▶ [What is needed]: Using the listing below, please print exactly the lines from the one with "Ecco LED-varningsljus grönt" through the one with "Topic 6 Assessment". Leave out every picture.

▶ [Exercise material]:
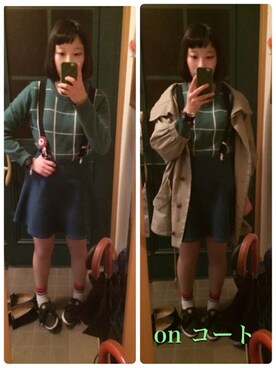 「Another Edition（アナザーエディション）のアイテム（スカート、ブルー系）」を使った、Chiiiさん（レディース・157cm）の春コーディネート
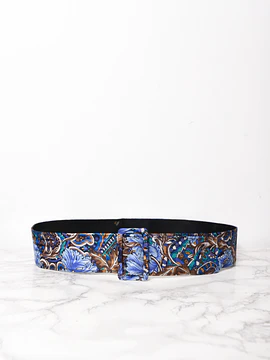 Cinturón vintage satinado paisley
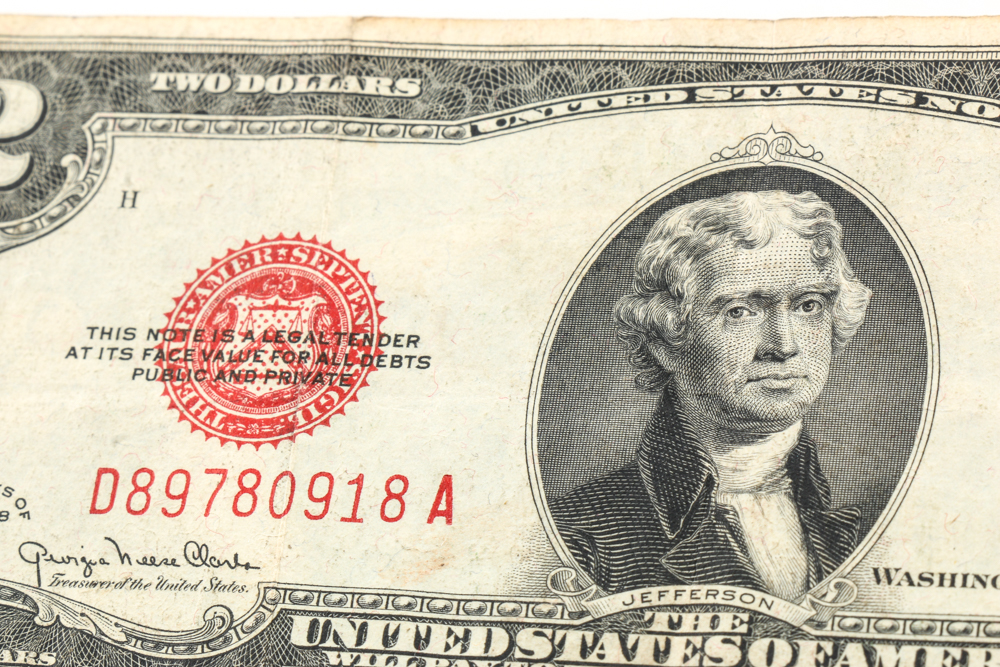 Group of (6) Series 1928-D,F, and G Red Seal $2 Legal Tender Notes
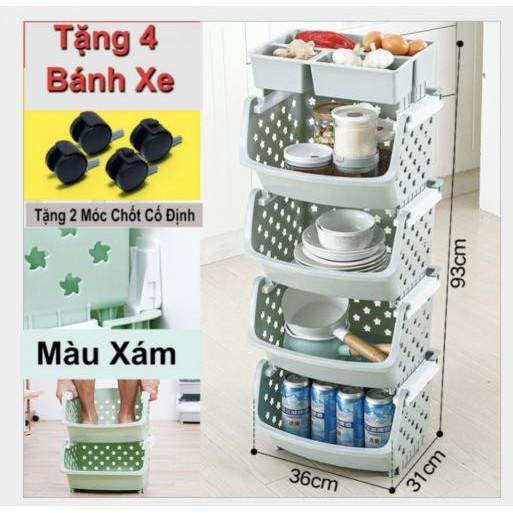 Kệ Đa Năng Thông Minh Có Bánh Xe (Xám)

* * *

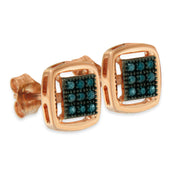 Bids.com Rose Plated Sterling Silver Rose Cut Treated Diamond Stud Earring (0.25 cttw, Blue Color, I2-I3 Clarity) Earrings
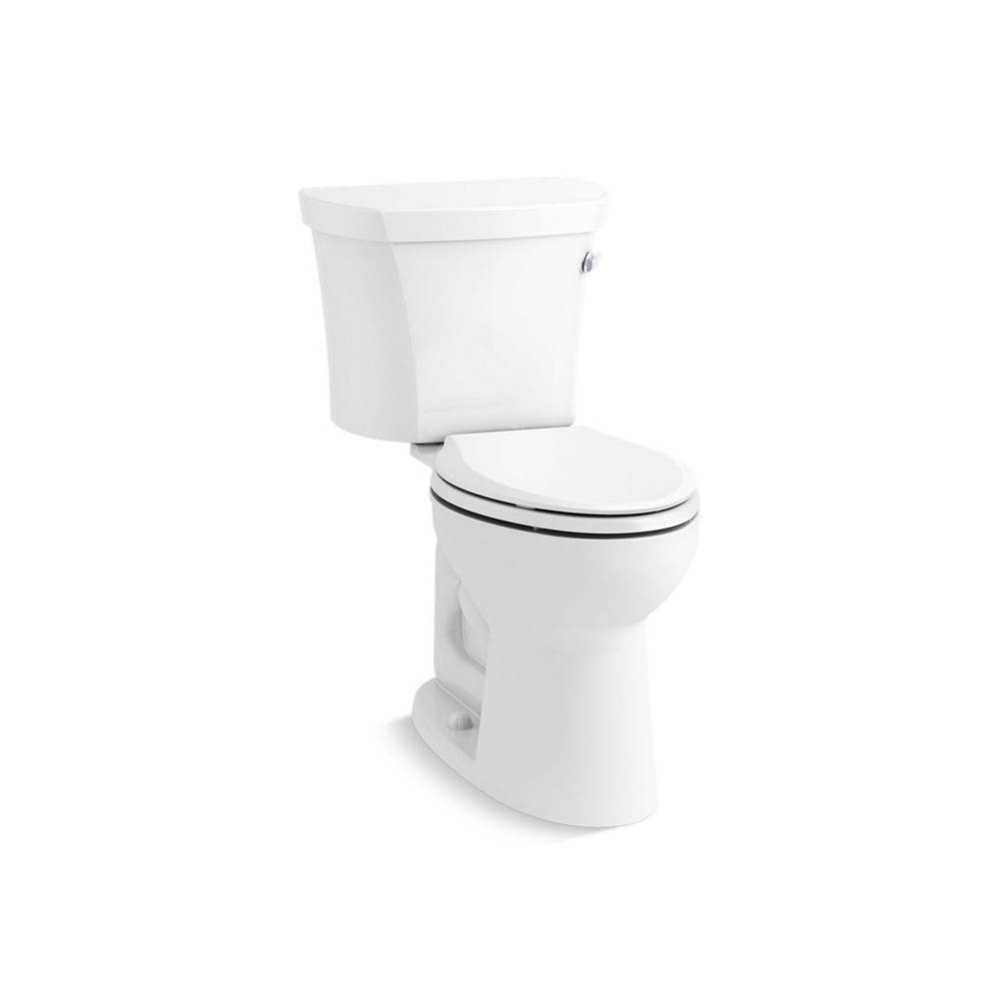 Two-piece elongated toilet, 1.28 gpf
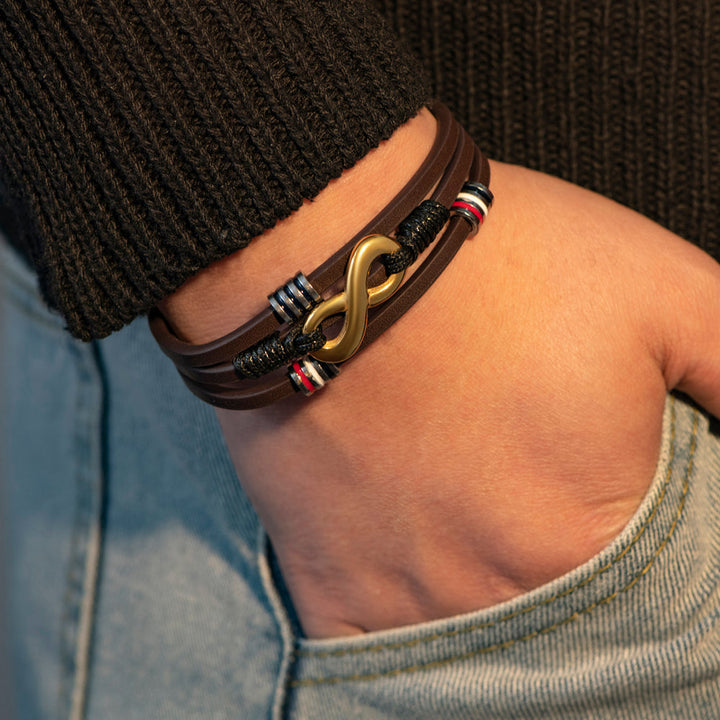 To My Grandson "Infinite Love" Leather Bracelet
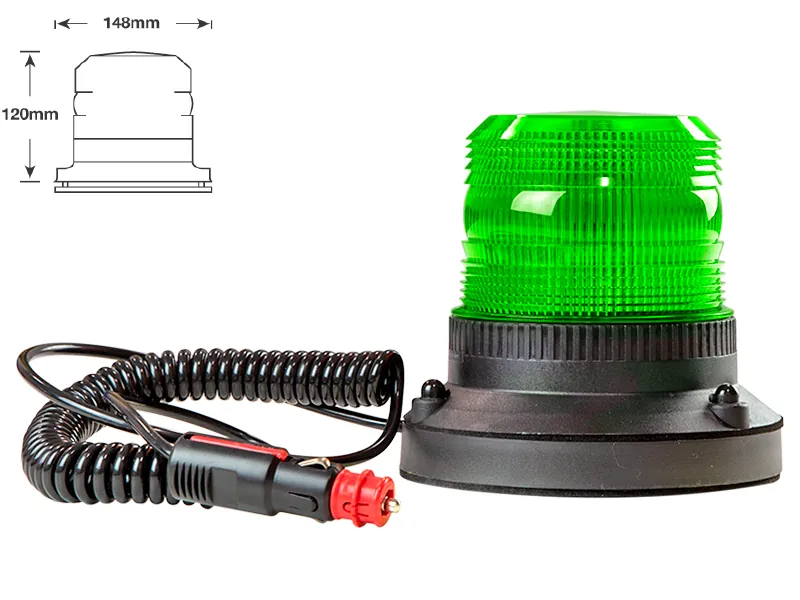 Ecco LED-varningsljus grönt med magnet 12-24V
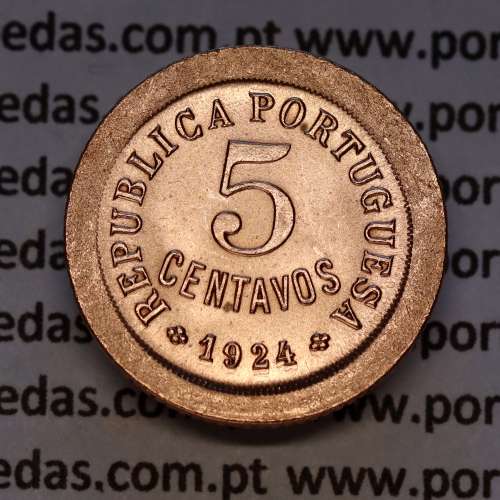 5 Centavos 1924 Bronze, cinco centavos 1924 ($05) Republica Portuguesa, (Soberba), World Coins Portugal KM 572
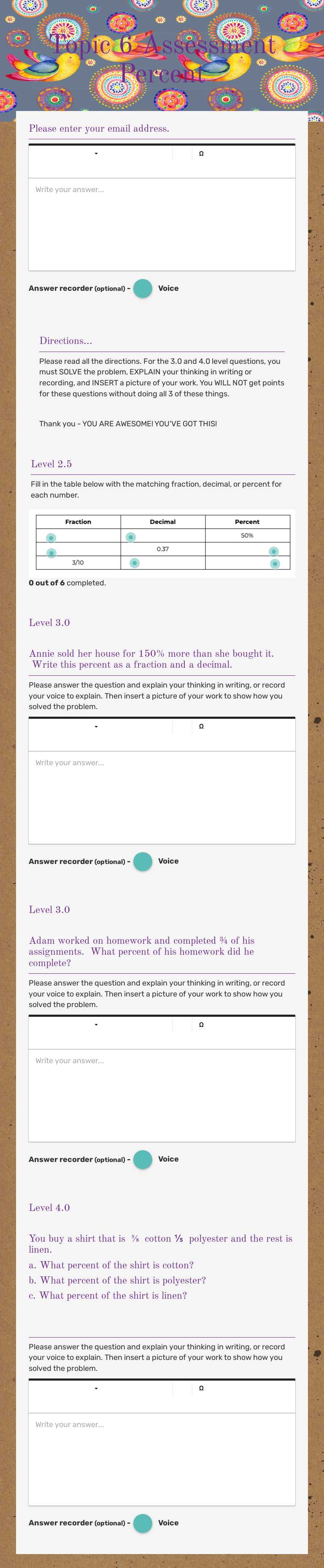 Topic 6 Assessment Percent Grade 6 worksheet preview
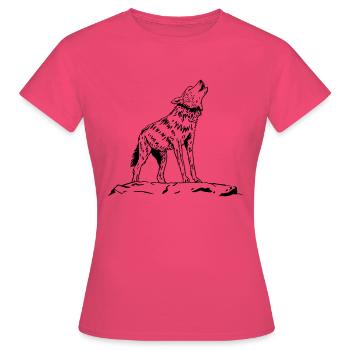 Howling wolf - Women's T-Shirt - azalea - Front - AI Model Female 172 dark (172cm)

...

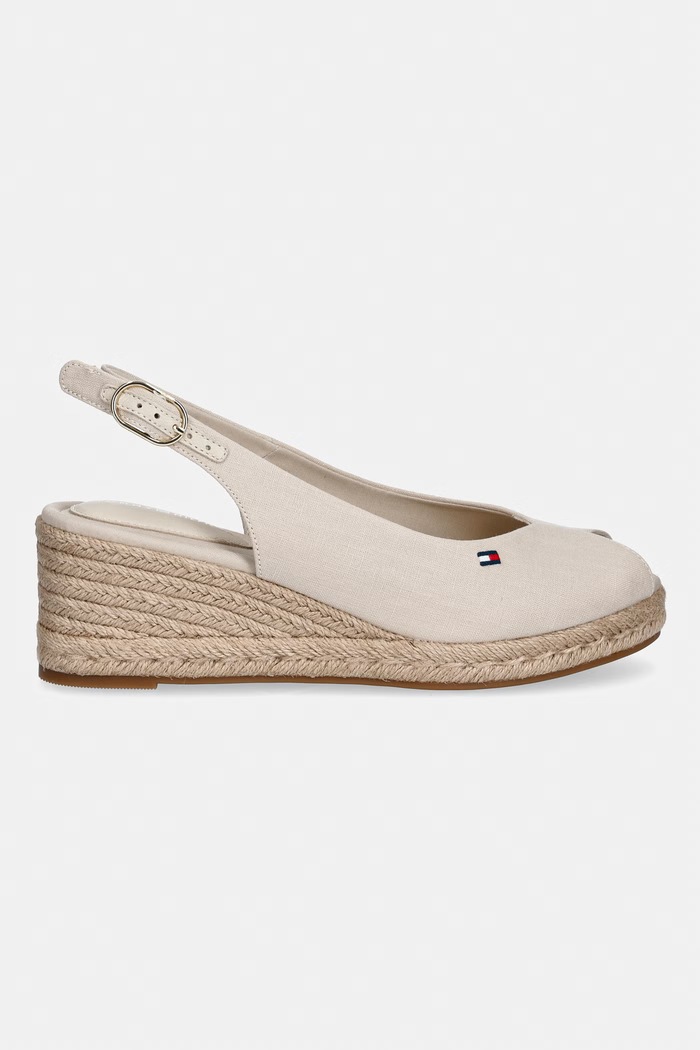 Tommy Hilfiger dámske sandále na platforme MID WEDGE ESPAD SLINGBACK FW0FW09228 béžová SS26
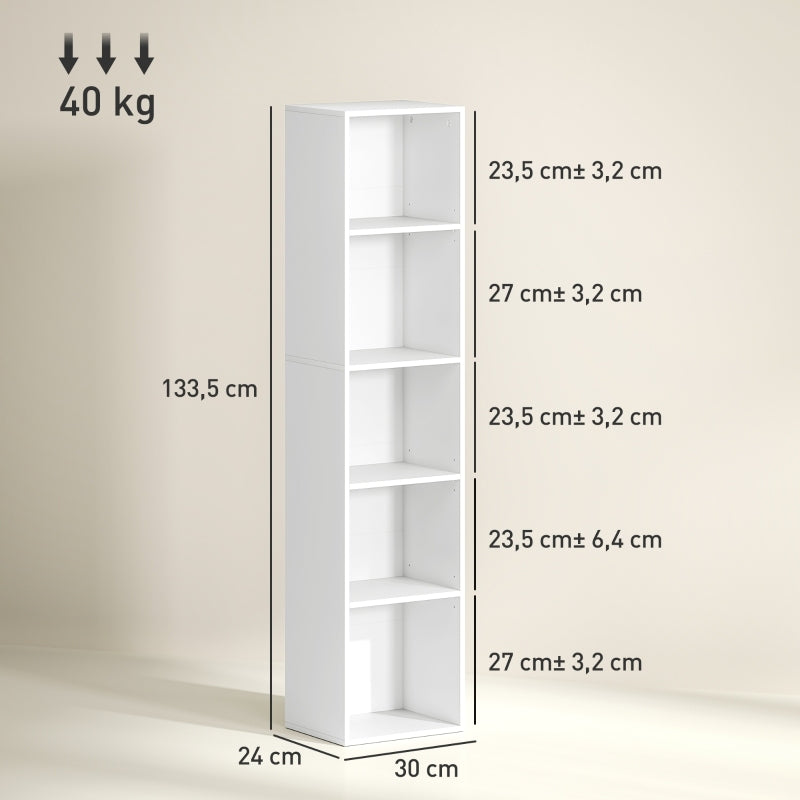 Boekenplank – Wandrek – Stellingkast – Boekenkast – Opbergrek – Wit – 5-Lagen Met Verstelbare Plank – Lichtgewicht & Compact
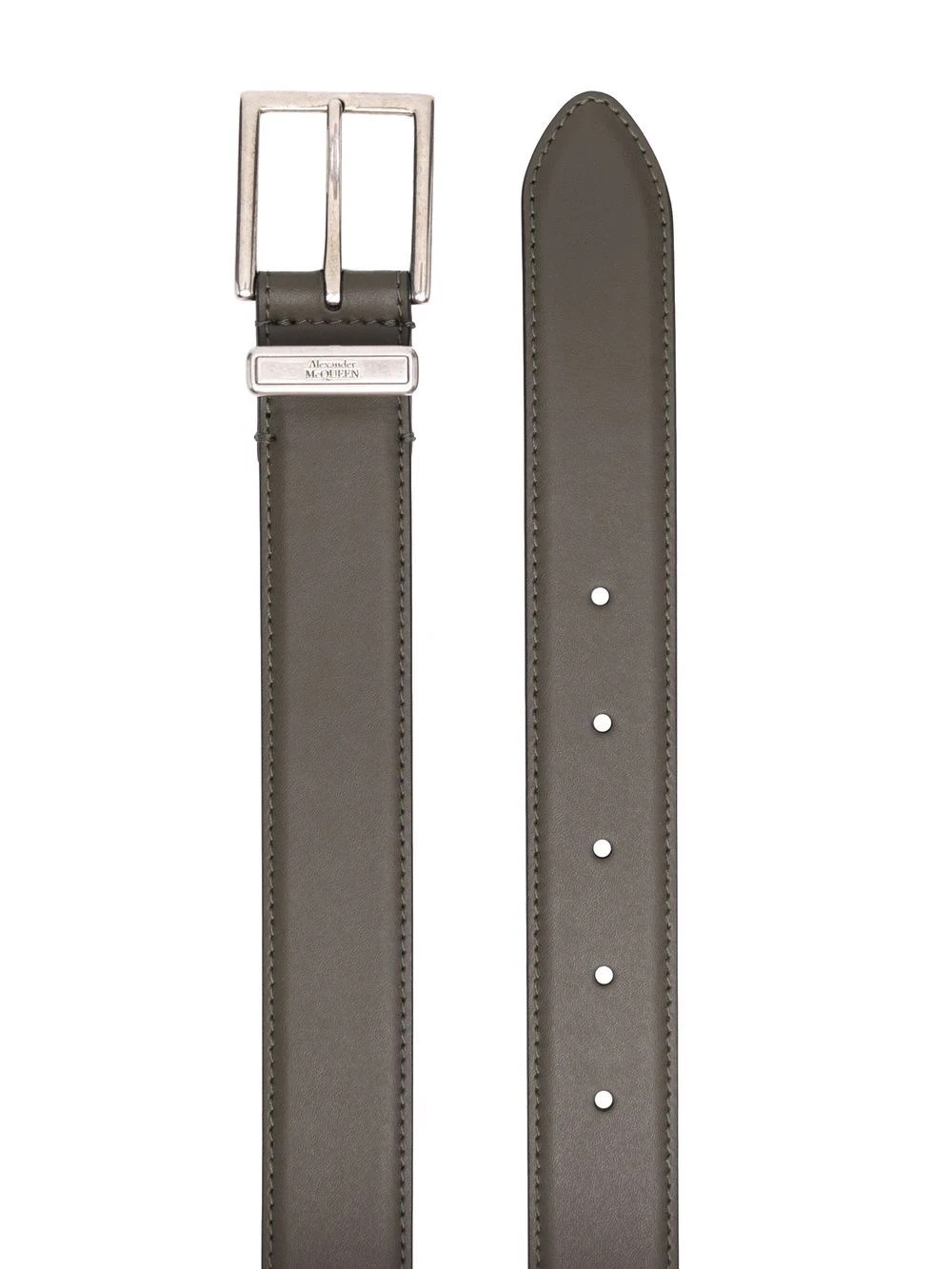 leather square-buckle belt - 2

▶ [Response to the task]:
 Ecco LED-varningsljus grönt med magnet 12-24V
 5 Centavos 1924 Bronze, cinco centavos 1924 ($05) Republica Portuguesa, (Soberba), World Coins Portugal KM 572
 Topic 6 Assessment Percent Grade 6 worksheet preview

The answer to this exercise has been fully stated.